WHAT IS EXPECTED - Check each line of the data for the string "Toyota". Report how many have it, and give nothing else.
+++ RECORDS SUPPLIED
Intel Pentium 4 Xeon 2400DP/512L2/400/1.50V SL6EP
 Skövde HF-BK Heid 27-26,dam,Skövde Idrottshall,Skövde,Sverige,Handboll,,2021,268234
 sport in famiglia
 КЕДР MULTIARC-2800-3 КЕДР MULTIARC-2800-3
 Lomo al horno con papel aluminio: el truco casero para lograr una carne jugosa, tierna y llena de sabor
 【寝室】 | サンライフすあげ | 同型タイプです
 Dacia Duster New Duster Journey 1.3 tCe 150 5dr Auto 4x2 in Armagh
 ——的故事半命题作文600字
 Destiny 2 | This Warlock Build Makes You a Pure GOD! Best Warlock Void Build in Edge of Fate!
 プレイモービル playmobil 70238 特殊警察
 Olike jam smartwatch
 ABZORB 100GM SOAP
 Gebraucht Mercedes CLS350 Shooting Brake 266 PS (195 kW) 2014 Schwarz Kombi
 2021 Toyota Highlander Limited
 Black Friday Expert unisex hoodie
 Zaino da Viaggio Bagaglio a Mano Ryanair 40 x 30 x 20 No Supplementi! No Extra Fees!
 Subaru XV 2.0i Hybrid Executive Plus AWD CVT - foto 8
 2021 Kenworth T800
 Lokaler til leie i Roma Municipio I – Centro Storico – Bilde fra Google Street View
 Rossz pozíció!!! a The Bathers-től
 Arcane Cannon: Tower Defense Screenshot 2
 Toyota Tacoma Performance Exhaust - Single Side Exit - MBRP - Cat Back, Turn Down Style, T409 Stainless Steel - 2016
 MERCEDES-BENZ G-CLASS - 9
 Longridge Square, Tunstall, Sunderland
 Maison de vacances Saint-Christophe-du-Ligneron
++++++
OUTPUT FOR THIS TASK - 2